January 21, 2010 / 5:56 PM / 11 years ago

CANADA FX DEBT-C$ sags on oil; shrugs off Bank of Canada

 * C$ lower at C$1.0475 to the US$, or 95.47 US cents
 * Central bank report paints brighter growth picture
 * Bond prices flat to slightly higher
 (Adds details, quote)
 By Jennifer Kwan
 TORONTO, Jan 21 (Reuters) - The Canadian dollar sagged
against the U.S. currency on Thursday, pressured by weak oil
prices, while largely shrugging off a Bank of Canada report
that painted a slightly rosier inflation and growth picture.
 In its Monetary Policy Report, the central bank raised its
economic growth projection for the final three quarters of this
year and forecast inflation throughout 2010 would be higher
than it had expected. [ID:nBAC002364]
 The Canadian currency's reaction was muted, said Camilla
Sutton, currency strategist at Scotia Capital, noting that in
its decision on Tuesday to keep rates unchanged, the central
bank had covered much of the same ground.
 "The report was very neutral.

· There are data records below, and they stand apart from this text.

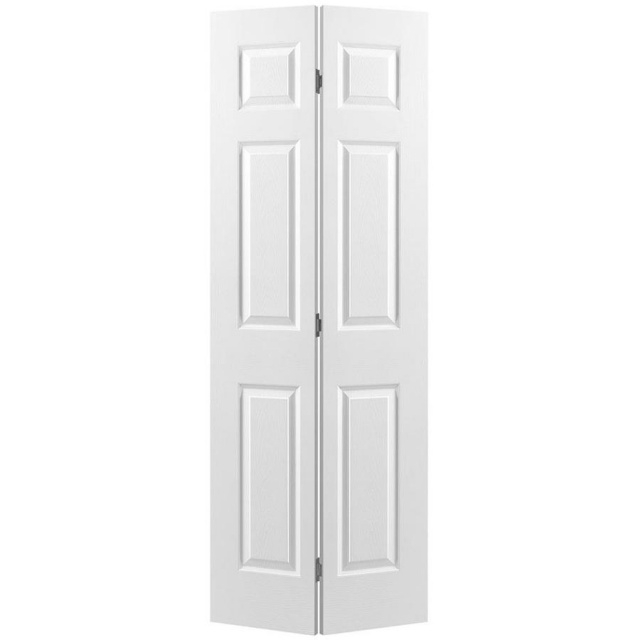 Easy Lowes Closet Doors Photo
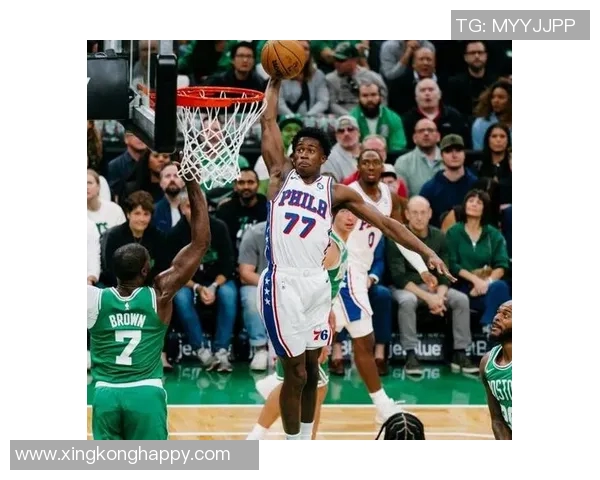 76人对阵热火迎来人员危机埃奇库姆小腿受伤恩比德维金斯缺席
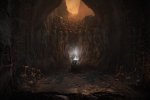 The Medium per Xbox Series X: un 'mistero' verrà svelato domani - Notizia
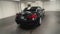 2018 BMW 430i 430i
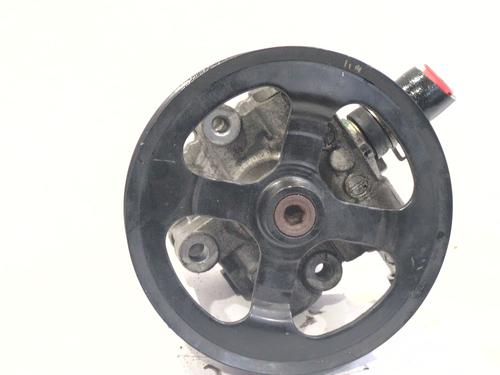 steering-pump-peugeot-4007-vu_-vv_-2007-2008-2009-2010-2011-2012-2013-31751900 main image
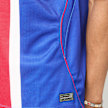 Nike   Doué / No. 14 / PSG Nike Home Stadium 2026/27 azul 107044 6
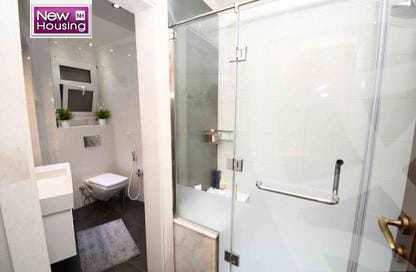 https://aqarmap.com.eg/en/listing/4149005-for-sale-cairo-al-zamalek-elzamalek-elqibliya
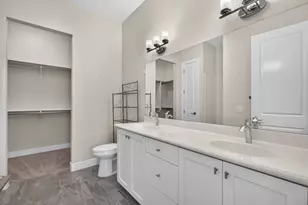 4815 S Wallace Dr, Saint George, UT 84790 - Photo 31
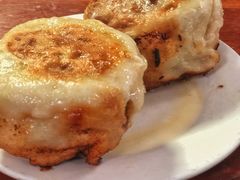 -宝瑞门钉肉饼店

It was very much in line with
the commentary we heard on Tuesday. They'd already given us
some insight on growth changes so we just have that now firmed
up," she said.
  After the report's release, central bank Governor Mark
Carney repeated the bank's pledge to keep interest rates at
current levels until the end of June as long as inflation
remains in check. He declined to forecast rates beyond June.

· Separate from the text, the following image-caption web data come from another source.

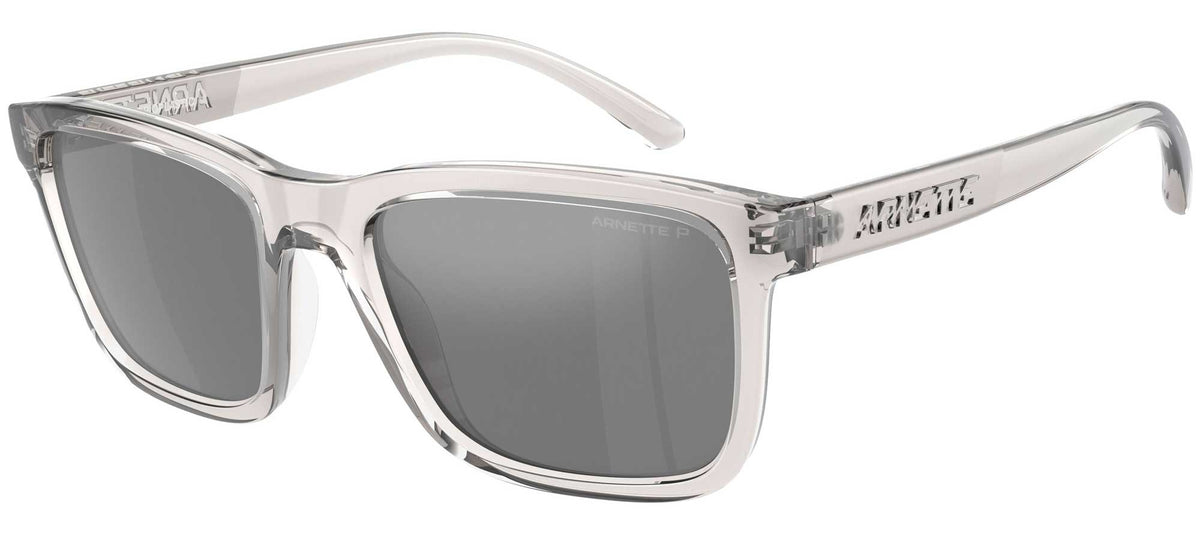Arnette AN4321 LEBOWL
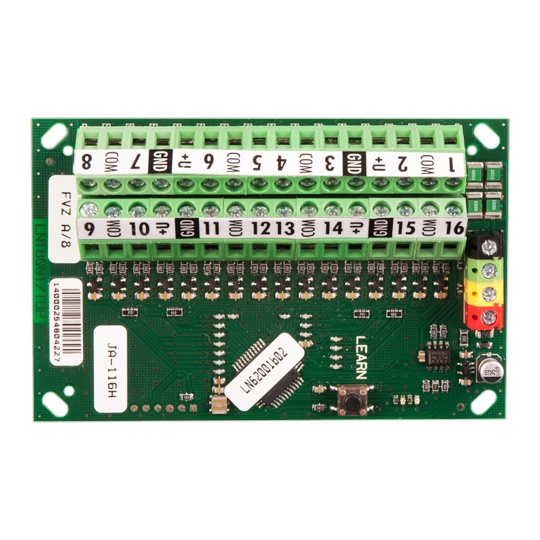 JA-116H модуль Jablotron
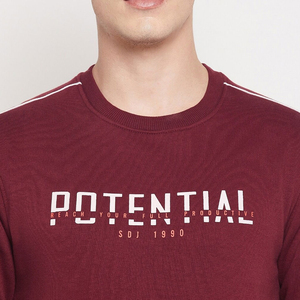 Nouveaux survêtements pour hommes 2026 : Tendances actuelles, look stylé, prix de gros abordable - Product Image 5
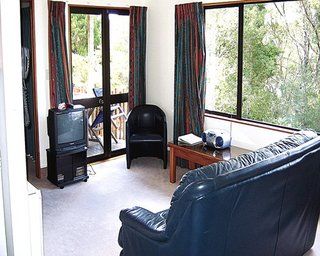 Club Paihia Hotel Rawhiti Eksteriør billede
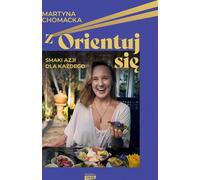 zOrientate Les saveurs de l'Asie pour tous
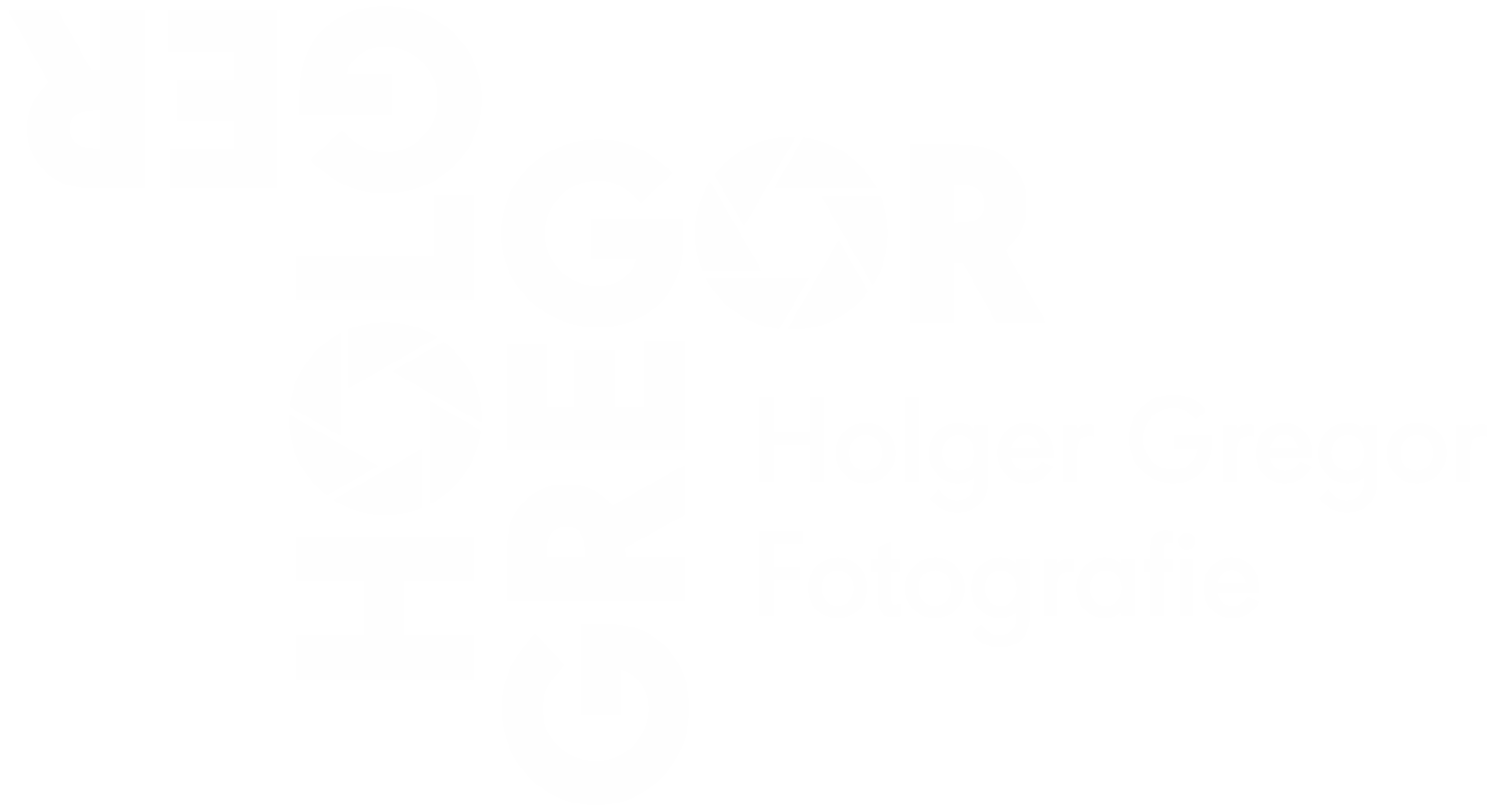 Logo_Holger Gregor.png
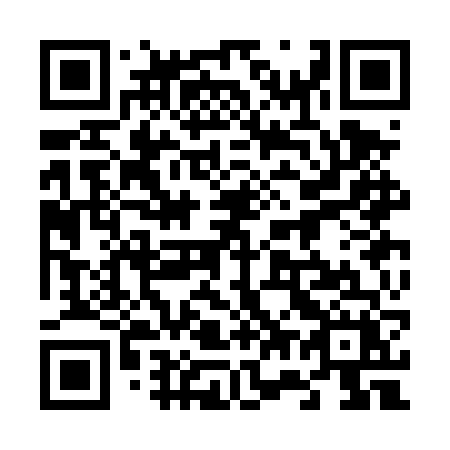 QR code for 673-DVX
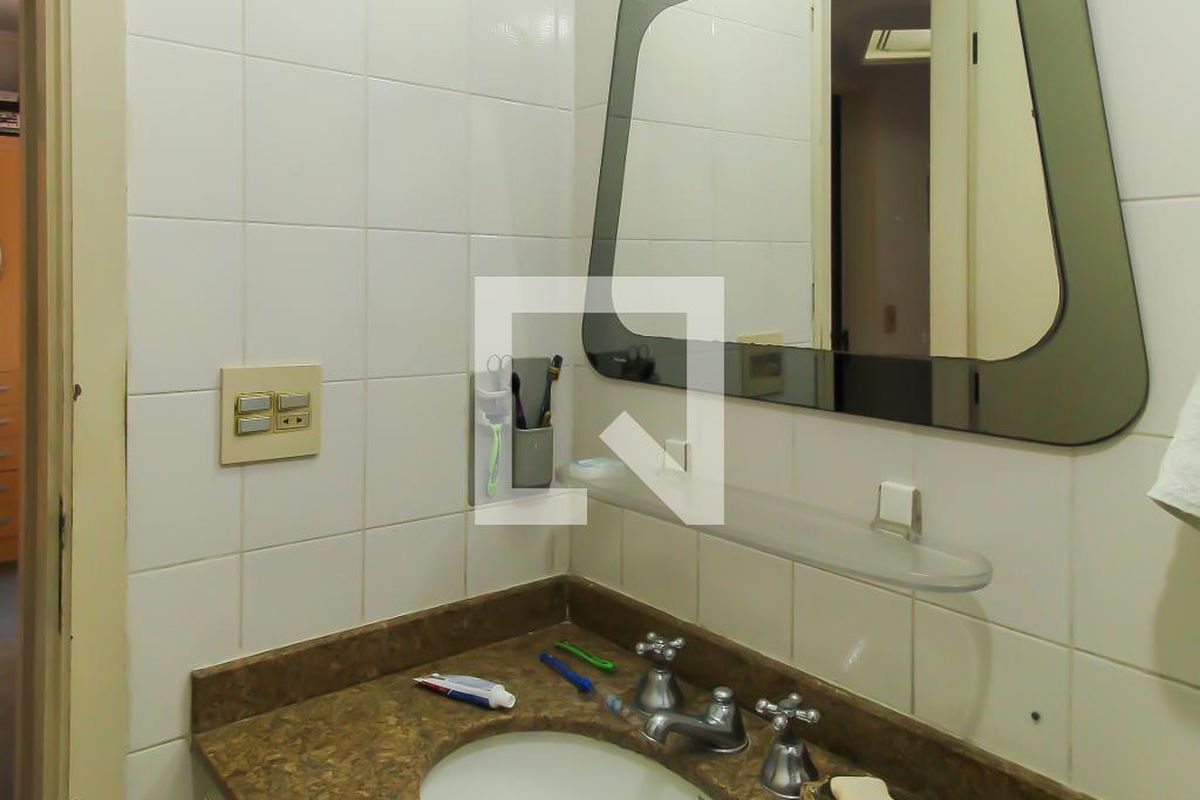Apartamento, 4 quartos, 122 m² - Foto 66
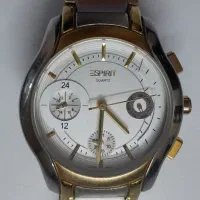 ساعت مچی زنانه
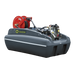DieselMajor 600L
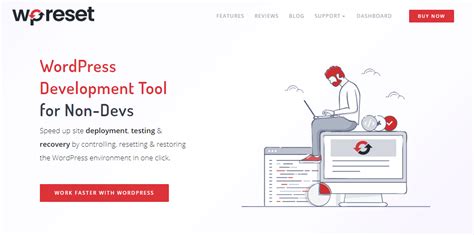 My Audio Is Not Working ପାଇଁ ପ୍ରତିଛବି ଫଳାଫଳ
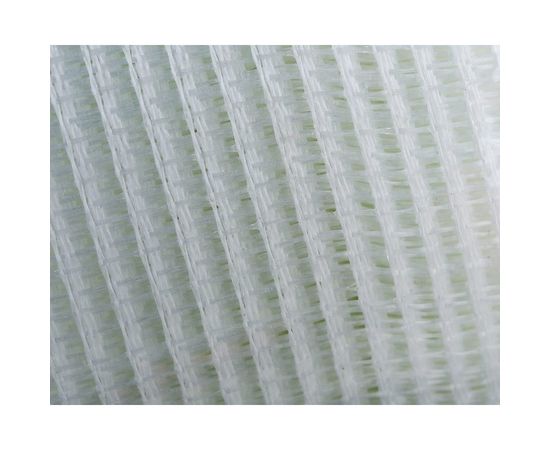 Серпянка PROFFIT 50ммx45м 00000155 – изображение 7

 At 12:15 p.m. (1715 GMT), the Canadian dollar was at
C$1.0475 to the U.S. dollar, or 95.47 U.S. cents, a sliver
below Wednesday's finish of C$1.0470 to the U.S. dollar, or
95.51 U.S. cents.
 Earlier, the Canadian dollar hit a low of C$1.0525, or
95.01 U.S. cents, hurt by broad U.S. dollar strength.
 By midday the greenback had given up gains against the yen
made earlier on Thursday as increased risk aversion knocked
stocks lower and as President Barack Obama announced plans to
place new limits on some proprietary bank trading. [FRX/]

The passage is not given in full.